As they walked over Delde examined the walls of the chamber as she grew closer to them, better able to make them out as Adriana carried the glowing stone she had enchanted like a torch. She could see that all the walls were covered in a painted mural depicting the battle between the founder Kassen and the villagers that followed him and the bandit army. Stoic men and women wearing farming outfits or simple armour fought with basic weapons and farming equipment against ugly, cruel looking men and beasts, all in dark spiked armour and wicked looking weapons. Delde noticed that while all the bandits looked more or less the same great care had been taken to make each villager look unique.
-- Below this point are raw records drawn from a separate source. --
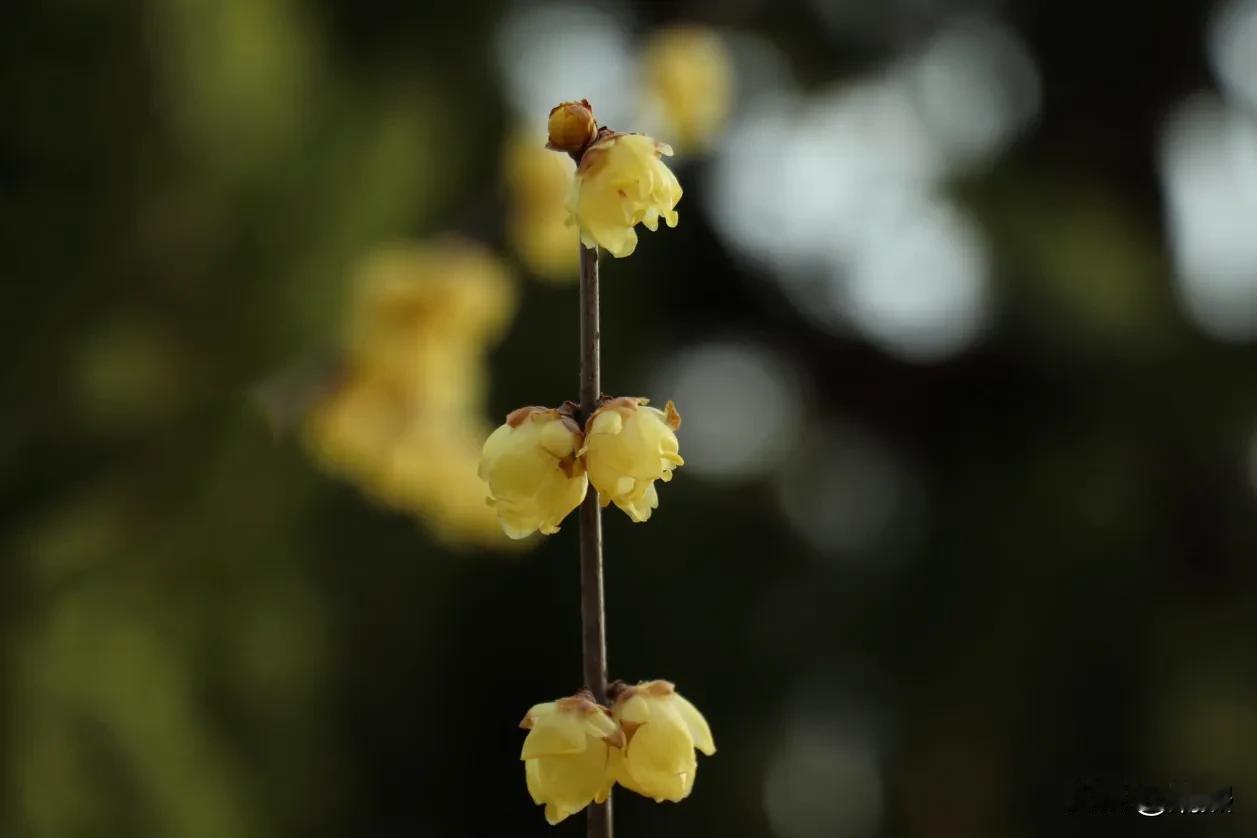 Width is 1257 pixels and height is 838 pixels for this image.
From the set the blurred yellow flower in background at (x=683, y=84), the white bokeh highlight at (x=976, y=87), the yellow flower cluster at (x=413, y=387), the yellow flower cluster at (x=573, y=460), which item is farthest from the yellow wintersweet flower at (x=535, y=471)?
the white bokeh highlight at (x=976, y=87)

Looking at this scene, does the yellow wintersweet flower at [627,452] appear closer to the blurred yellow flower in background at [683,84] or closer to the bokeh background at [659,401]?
the bokeh background at [659,401]

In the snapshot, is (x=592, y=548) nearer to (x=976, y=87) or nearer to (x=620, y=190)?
(x=620, y=190)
It occurred to her that all the villagers in the mural may have been based off real people who had fought in that old battle, their names forgotten by all but their descendants, the mural, final evidence of their contribution in the battle for the town of Kassen. It was probably of good quality when it was first painted, but dampness and lichen had damaged much of it, leaving it a tarnished testament to a victory that was long past.
Delde had considered listening to Igmar’s suggestion about giving her staff to Adriana for the duration of their expedition into the crypt. Strictly speaking he was correct, Adriana was far more likely to be engaged in melee combat than herself, and if they faced more skeletons then she would be better served wielding Delde’s staff than her own scimitar. However, Delde felt reluctant to surrender her weapon, even if it was the most logical resource. Part of it stemmed from feeling rather vulnerable after finding herself much closer to entering melee combat than she had intended to in their last fight. Add to that the fact that she had used up all her available higher-level magic for the day and Delde was very aware of how bad of a position she would be in if she had no weapon to defend herself with. There was another element to it though, one that she was less willing to acknowledge even to herself. The staff she wielded was a gift from her mentor, it was a reward, an acknowledgement of how far she had come and proof of her status as a fully-fledged wizard. At least to her it was. To give it up to somebody else, even if it was the objectively smart move to make, it still felt wrong to her.
In the end she kept a tight hold of her staff. She considered offering it to Adriana once she had a chance to recuperate and rememorise her spells, but she privately hoped that they would come across something else that Adriana could use as her primary weapon to let her keep her staff. Igmar for his part made no comment about Delde not offering her staff to Adriana, to which she was grateful to him for. She had no desire to create an argument when they were still in a perilous environment. Perhaps that was why he said nothing, or maybe he recognised that he had little in the way of actual authority over the rest of them and didn’t want to push any of them too far.
Igmar gripped the door handle for the next room. Neither Dal nor Baye could detect any sounds from within it other than the muffled sobs from before so they hoped that they would not be walking into an ambush. None of them were naïve enough to think that wasn’t a possibility though. The dwarf looked back at the rest of them all.
‘Right. We aw ready?’
Everyone gave a solemn nod.
‘Ah’ll open it on three. One. Two. Three!’